The dojoCompile() method gets executed when entering play dojo:compile and switches the working directory to the util/buildscripts directory of the specified Dojo version. It then starts a compilation using either the specified or default profile file in the conf/ directory.

The dojoClean() method gets executed when entering play dojo:clean and triggers a clean inside of the dojo/ directory, but will not wipe out any files copied to the public/ folder. This command is not really necessary, as the code called in dojoCompile() already does this as well.

The dojoCopy() gets executed when entering play dojo:copy and method copies the compiled and optimized version which is inside the releases directory of the Dojo source to the public/dojo directory. Before copying the new Dojo build into the public directory, the old data is deleted. So if you stop the execution of this task, you might not have a complete Dojo installation in your public directory.

The dojoDownload() method gets executed when entering play dojo:download and downloads the specified Dojo version and extracts it into the dojo/ directory in the current application. It uses the ZIP file, because the unzip class included in Play is operating system independent. As ZIP files do not store permissions, the build.sh shell script has to be set as executable again. In order to save bandwidth it only downloads a version if it is not yet in the dojo/ directory.

There's more...

If you know Python a little bit, you have unlimited possibilities in your plugins, such as generating classes or configuration files automatically or validating data like internationalization data.

More about Dojo

The Dojo JavaScript toolkit is worth a look or two. Go to http://dojotoolkit.org/ or better yet to a site with tons of examples to view and copy, which is http://dojocampus.org/.

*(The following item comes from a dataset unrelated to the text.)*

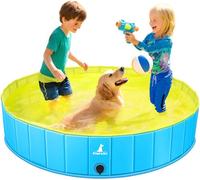Pourbibi Piscine pour Grands Chiens, Bassin de baignade Pliable pour Chien, Baignoire pour Chien antidérapante, pataugeoire pour Enfants et Chiens, 120 x 30 cm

Create operating system independent modules

When watching closely, you will see that the module created in this recipe only works on non Unix based operating systems such as MacOS or Linux, as it executes the build.sh script directly. In order to be independent of the operating system you should always check the platform you are on and act appropriate. For example, getting the value of os.name returns posix for both Linux and Mac OS and could be used to differentiate operating systems.

More ideas for command support

Whenever you need to create configuration files from existing data in your application, this is the way to go. An example might be the Solr module in the next chapter. If you could create the needed XML configuration by typing play solr:xml, that would prevent some configuration mistakes. You could iterate over all model classes and check whether they have search fields configured and output these in the correct format.